Exercise brief — Identify the line with "Impulse Cantilever Straight"; copy word for word that line and every one after it, to the end of the listing. Exclude pictures.

Material provided —
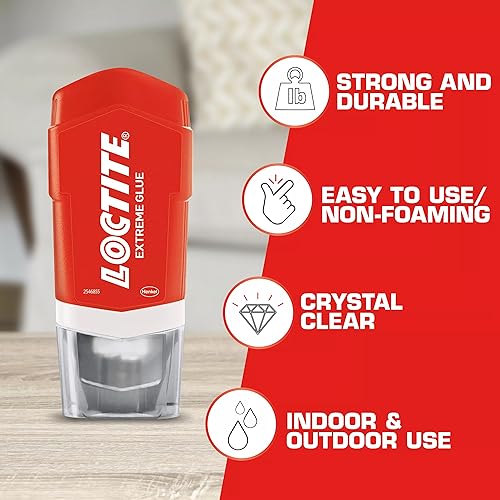 Loctite Extreme Glue, Clear, 1.62 fl oz Tube, 6 Pack - Strong All Purpose Glue for Wood, Metal, Leather, Crafts & Repair, Pastic, & More
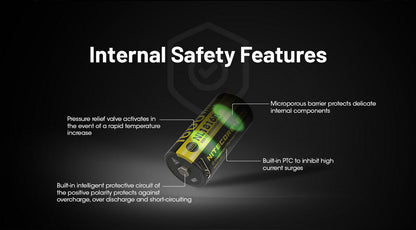 Batterie Nitecore NL1816R 18350 rechargeable USB-C - 1600mAh 3.6V protégée Li-ion  NYCTALOPE  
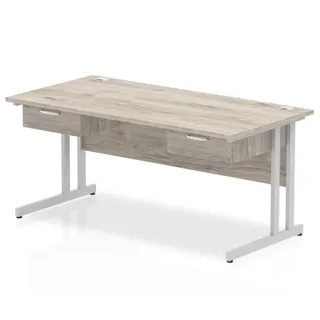 Impulse Cantilever Straight Desk With Two One Drawer Fixed Pedestals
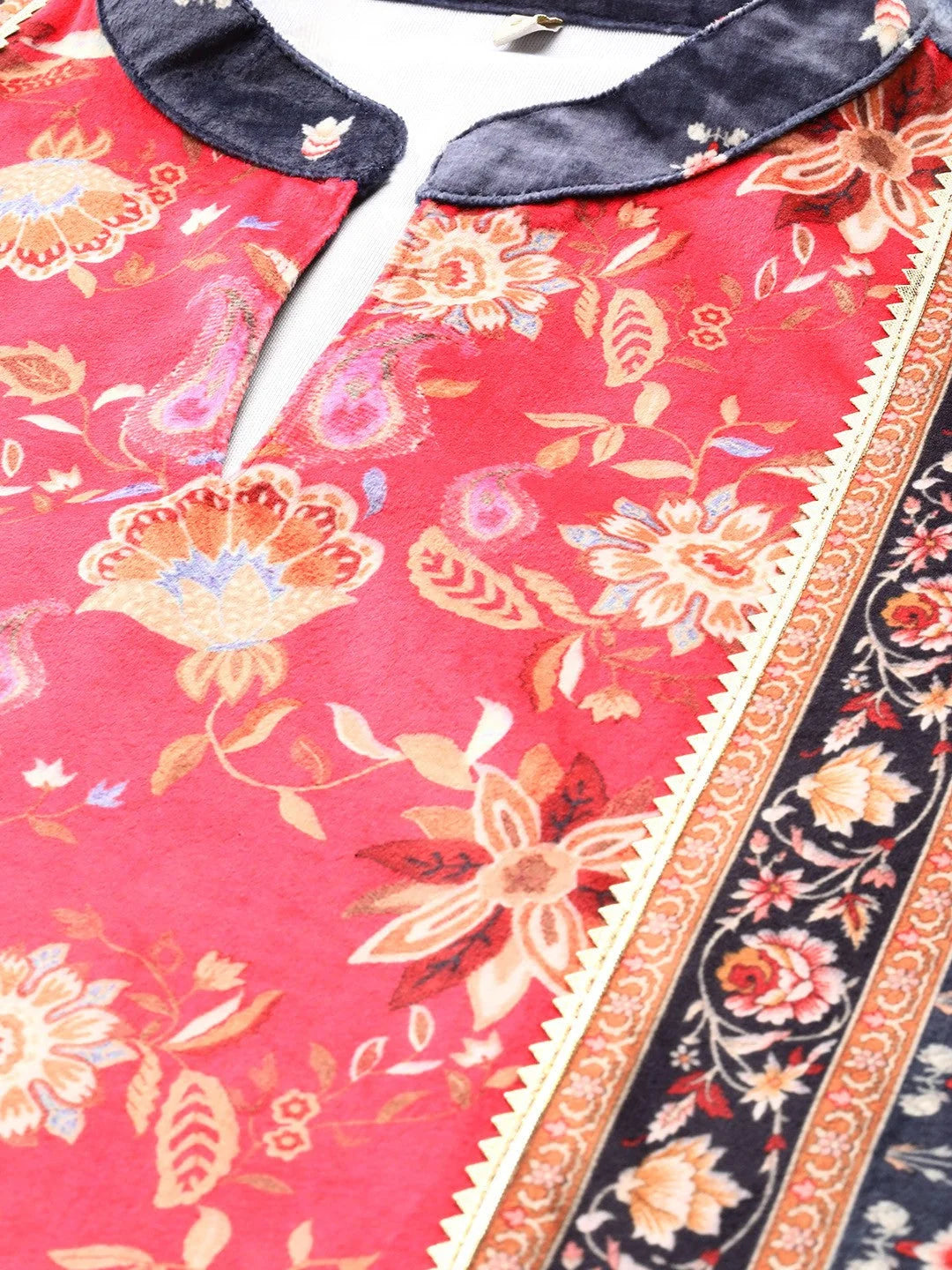 Navy Velvet Kurta Palazzo Pants Set | Indian Women's Fashion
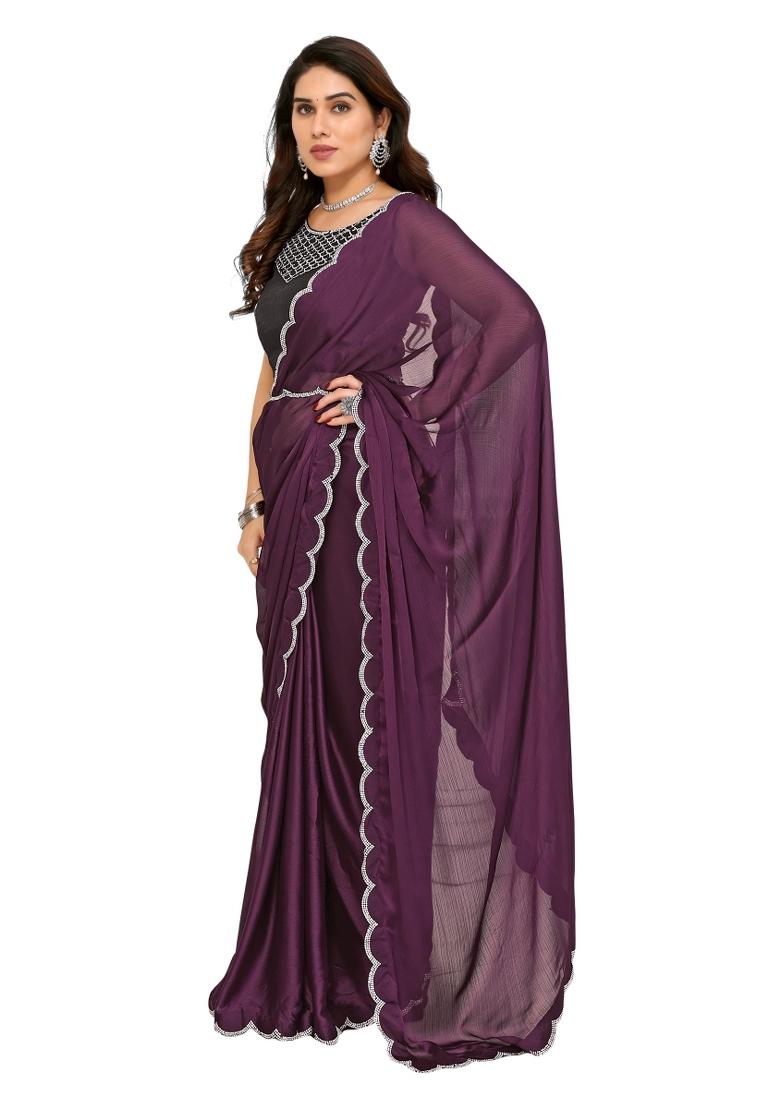 Purple Solid Chiffon Saree Set With Blouse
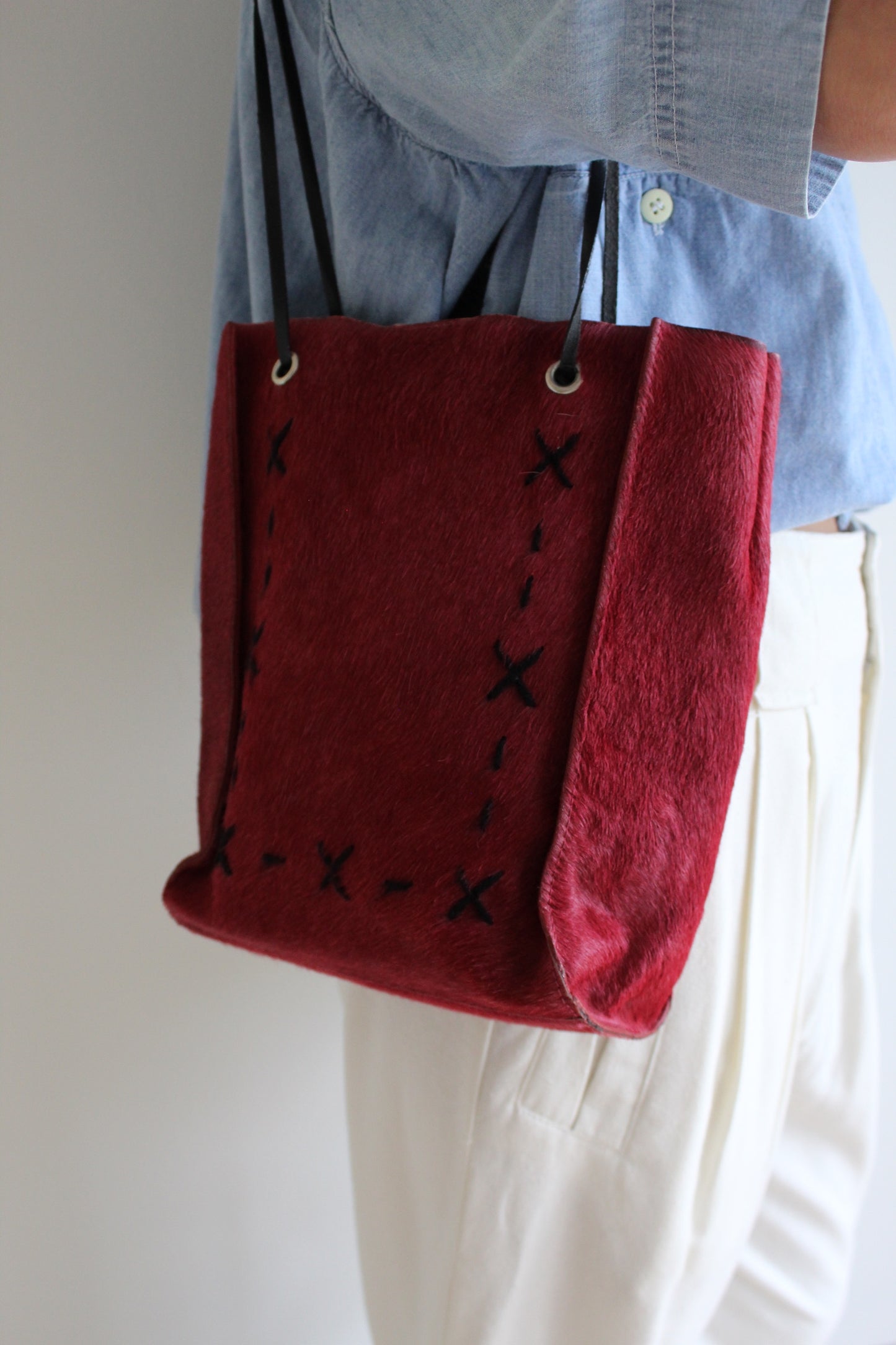 Vintage Cherry Red Calf Hair Tote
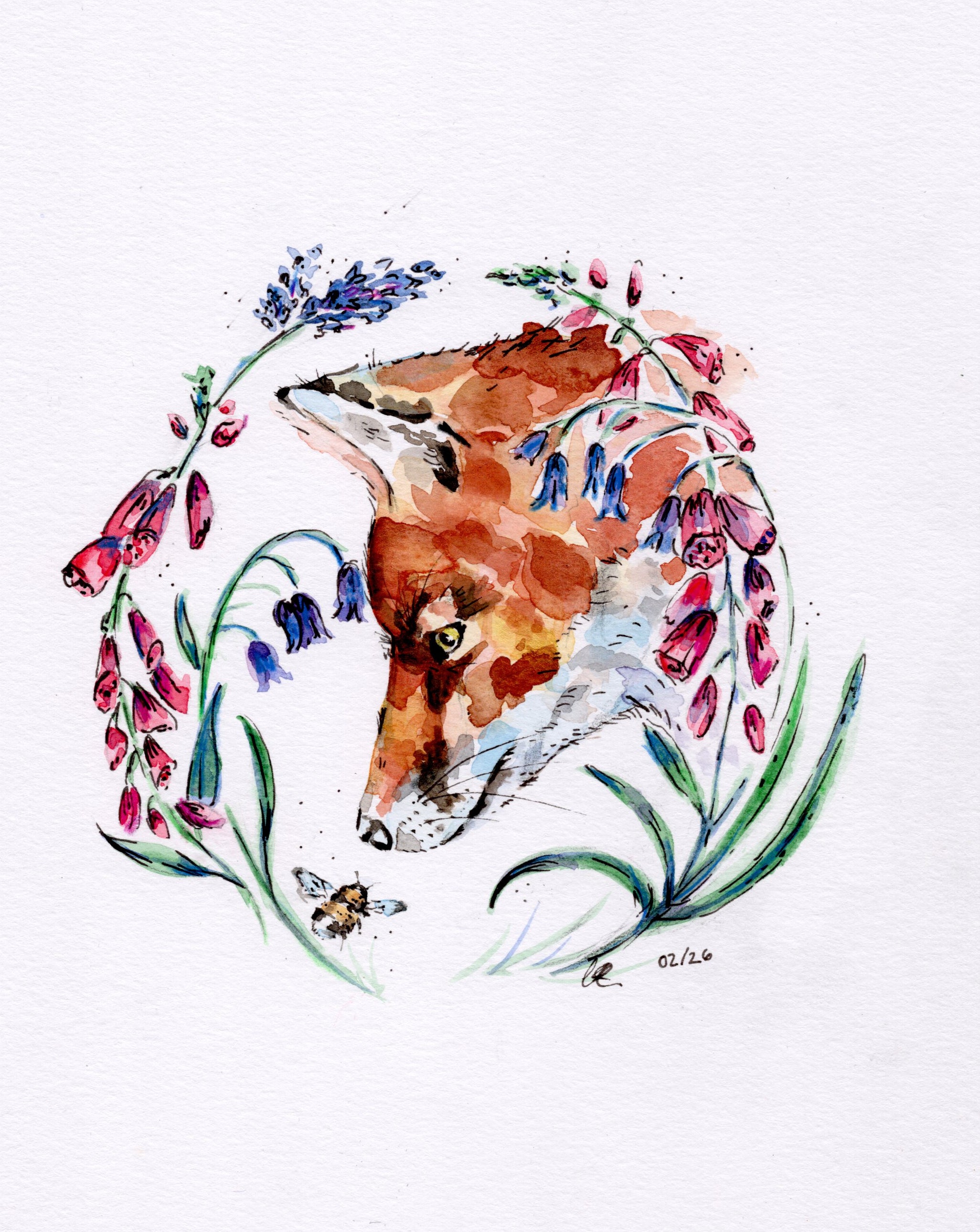 Fox & Bumblebee Print (Print Coming Soon)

Final answer —
 Impulse Cantilever Straight Desk With Two One Drawer Fixed Pedestals
 Navy Velvet Kurta Palazzo Pants Set | Indian Women's Fashion
 Purple Solid Chiffon Saree Set With Blouse
 Vintage Cherry Red Calf Hair Tote
 Fox & Bumblebee Print (Print Coming Soon)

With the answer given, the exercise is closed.